Quite in contrast to the children watching the Star Wars Holiday Special are the people who made it. Most of them were older and were formed in the war and its aftermath, and were accustomed to the modes of narrative that had been developed for war. Where Lucas saw World War II as fighter battles, evil villains, and a race to blow up the train (er Death Star), someone like Art Carney probably saw World War II as people living behind enemies lines, being forced to witness horrible things, constantly risking betrayal, while hiding secret radios in bookcases and commandos in haylofts, and always having a dry comeback.
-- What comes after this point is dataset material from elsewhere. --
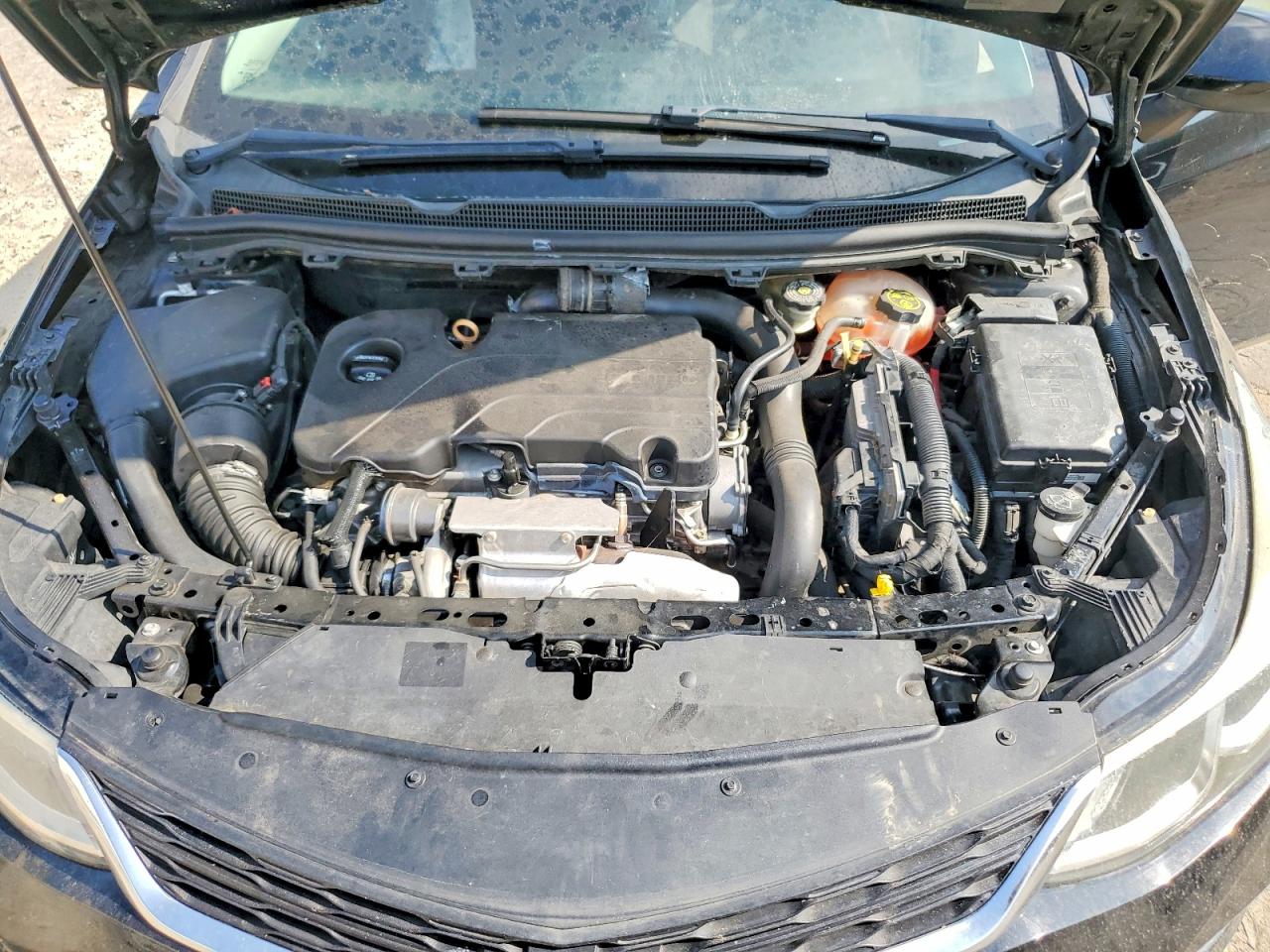 2016 Chevrolet Cruze Ls Черный vin: 1G1BC5SM4G7267584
They’re both talking about the same events, but one set of stories, those told during the war and its aftermath, tended to emphasize individual human drama and tragedy, the experience of the private soldiers and the nameless; Lucas’s retelling is about kinetic action and larger-than-life heroes. Heroes who don’t have to risk being spied on, and who carry royal titles while having remarkably little family at risk— Everybody who has family in Star Wars loses it in reel 2 of the first movie. If you’re coming from a background of Casablanca and The Longest Day, Bridge on the River Kwai and The Magnificent Bastards, Star Wars must seem, as a war film, unimaginably stupid and childish, and I think this reaction to the material is the source of the Special’s particular awfulness. The cast and crew of the Special are trying to make a satire of Star Wars, but, aside from doing a terrible job, nobody is really in on the joke.

Something else at work is the underlying context of show business at the time. Between Jaws and Star Wars, something fundamentally changed in Hollywood: films began to skew more and more juvenile in appeal, and the consideration of things like toys, soundtracks, books, tie-ins and, most importantly, sequels became paramount. Star Wars was the future of entertainment, and it’s hard to believe that the people involved in the special wouldn’t feel a little threatened. Here they were, professional comedians, faced with something that had made more money in the last two years than any other film had ever made, and it was utterly without irony and cynicism, was “for kids” but managed to be so without a laugh track or talking animals (at least in the traditional sense).